Ms Winterhalter said the Super Wash line at Chargeurs has revitalized wool manufacturing in the United States.

“Something we initiated for the Army has resulted in economic benefits and new jobs for U.S. citizens.”

The new Super Wash process makes wool viable for combat clothing in nearly any application, including jackets, pants, underwear, headwear, gloves and socks, she said.

Soldiers tested fabric in Germany

Three Army researchers travelled to Germany in Aug and September this year for Exercise Combined Resolve VII to work with about 100 Soldiers in testing and evaluating prototype uniforms composed of the new fabric.

The scientists joined John Riedener, the Field Assistance in Science and Technology advisor assigned to 7th Army Training Command. The exercise brings about 3500 participants from NATO allies to the region. FAST advisors are a component of the U.S. Army Research, Development and Engineering Command.

“We were in the heat of summer here, and it was very warm during the exercise.

The uniforms were lighter weight and breathed better; soldiers were very happy with the material,” Mr Riedener said.

Soldiers liked the light breathable fabric

NSRDEC equipment specialist, Soldier and Squad Optimization and Integration Team Soldiers from 1st Armored Brigade Combat Team, Brian Scott, said the 3rd Infantry Division participated in the 21-day testing and completed surveys before and after the exercise. The R&D team selected Hohenfels, Germany, because the previous fire resistant wool undergarment evaluation took place there.

Each soldier received three prototypes of the new wool-based fabric. One was “garment treated” with permethrin, an insecticide, and another “fabric treated” with permethrin. The third was untreated.
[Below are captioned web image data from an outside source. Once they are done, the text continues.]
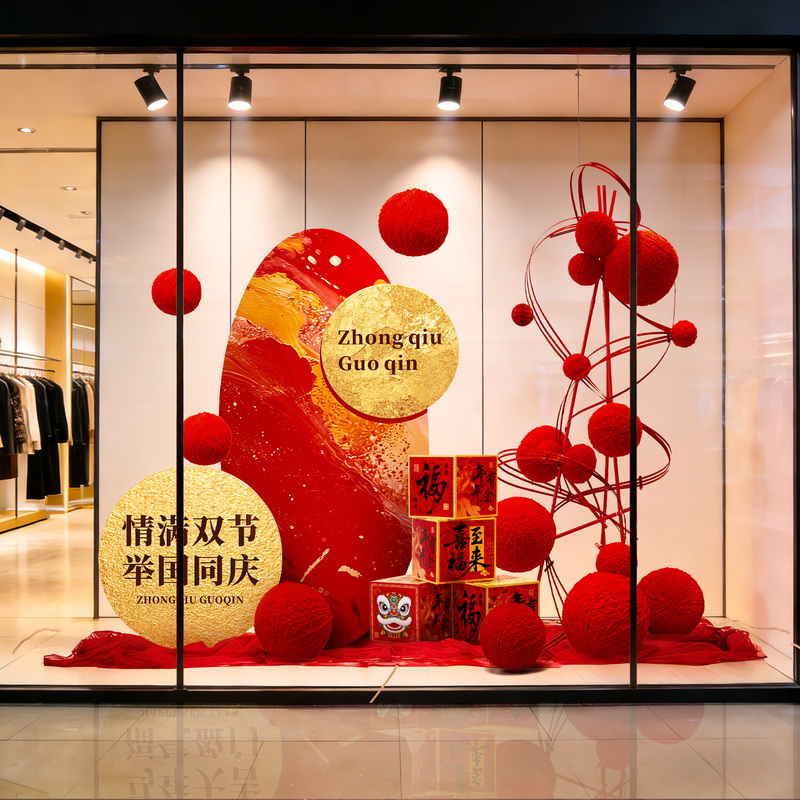 National Day and Mid-Autumn Festival Atmosphere Decoration for Shopping Malls, Store Events, Scene Decoration, Kt Board Window Display, Photo Backdrop National Day and Mid-Autumn Festival Atmosphere Decoration for Shopping Malls, Store Events, Scene Decoration, Kt Board Window Display, Photo Backdrop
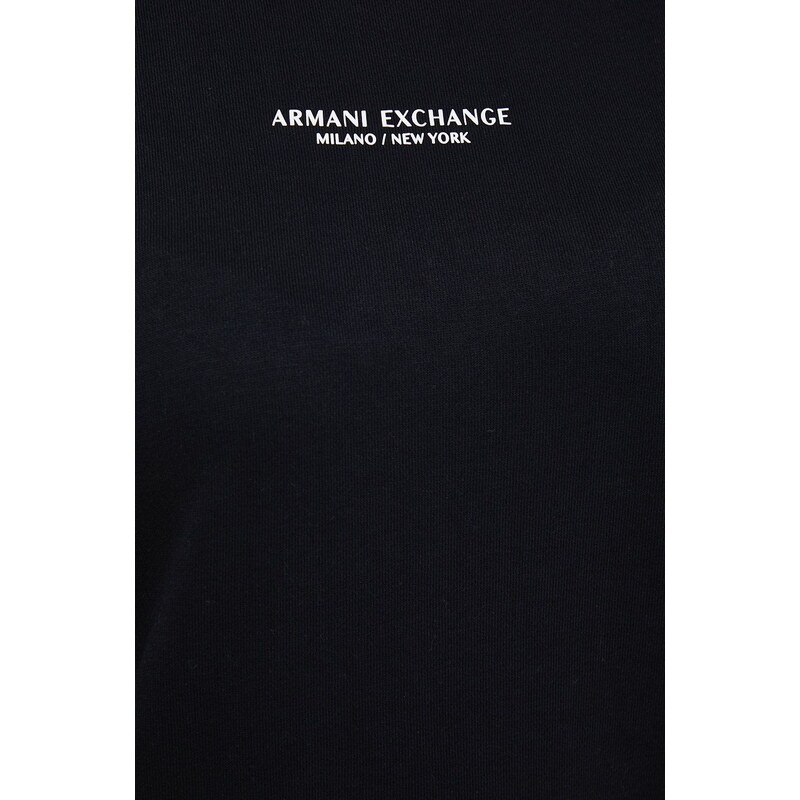 Obleka Armani Exchange črna barva,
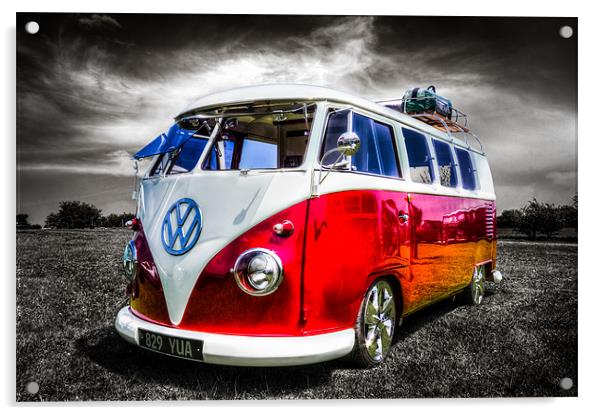 Red split screen VW camper van Acrylic by Ian Hufton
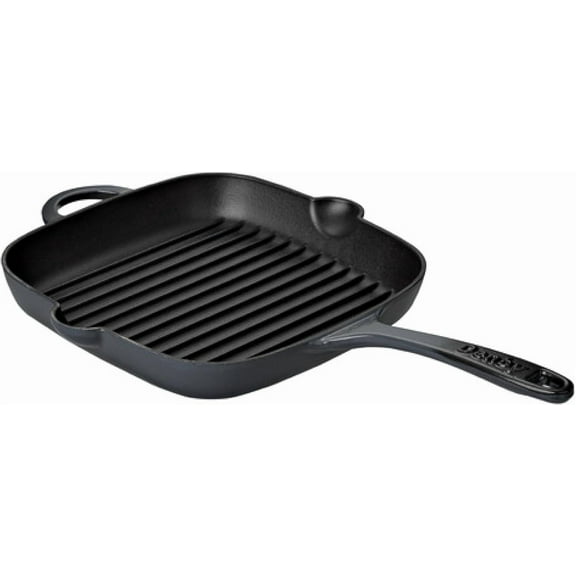 Denby - Halo Black Cast Iron Griddle Pan - 10 Inch Non Stick Frying Grill Pan - Oven Safe, For All Stove Types, Induction, Gas, Electric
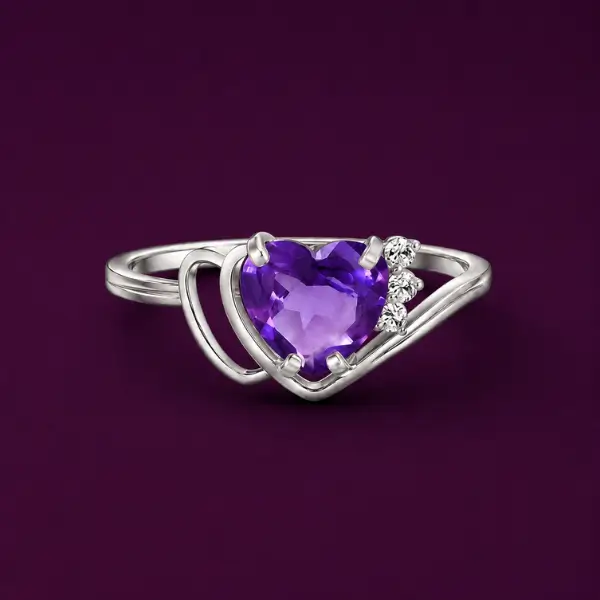 Amethyst and diamond engagement ring in white gold with side diamonds
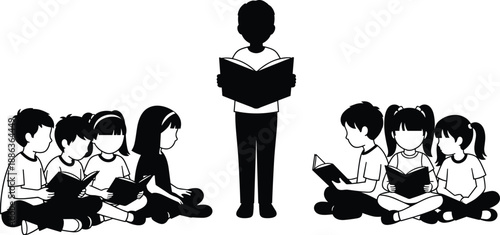 Silhouette group of children reading books together, teacher standing with book in front of sitting students, literacy and early childhood education concept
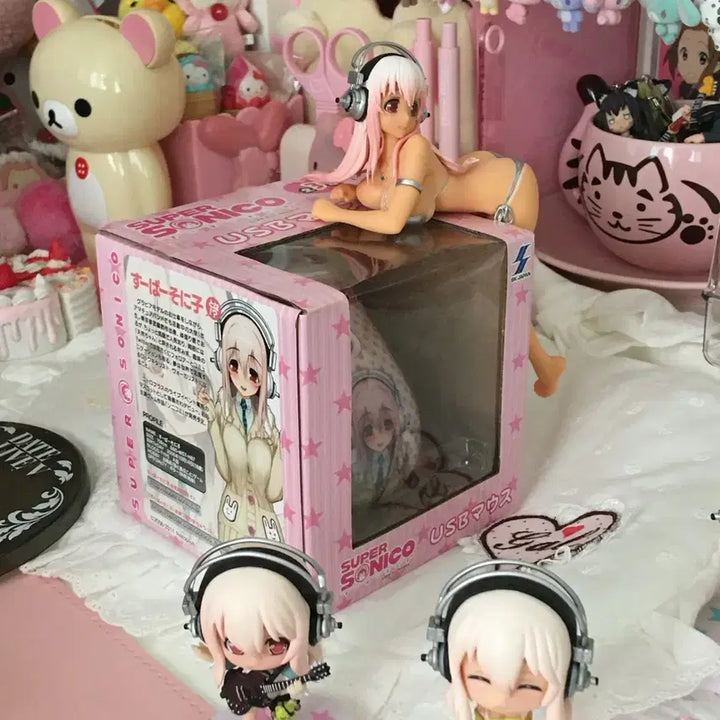 [BUNJANG] Super Sonico Classic Mouse, Noodle Stopper, Mini Figures Set / 고전 슈퍼소니코 (마우스.누들스토퍼.미니피규어 4종) 세트
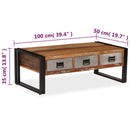 Couchtisch Mit 3 Schubladen Altholz Massiv 100X50X35 Cm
Soldiers wore each of the three uniforms for about seven days in a field environment for a total of 21 days. The testing and survey instructions asked Soldiers not to compare the prototypes with existing uniforms or camouflage patterns. Participating Soldiers came from multiple military occupational specialties.

Their feedback regarding comfort, durability, laundering and shrinkage, insect resistance, and overall performance will help determine whether researchers continue this development effort, Ms Winterhalter said.

Initial results suggest the majority of the soldiers liked the fabric because it was lightweight and breathable; however, analysis of the survey data is not complete, NSRDEC program manager for the Office of Synchronization and Integration Shalli Sherman said.

NSRDEC researchers plan a larger field study with more users over a longer time period of possibly 30 days. More data on comfort and durability is needed as the Army moves forward with this R&D effort, Ms Winterhalter said.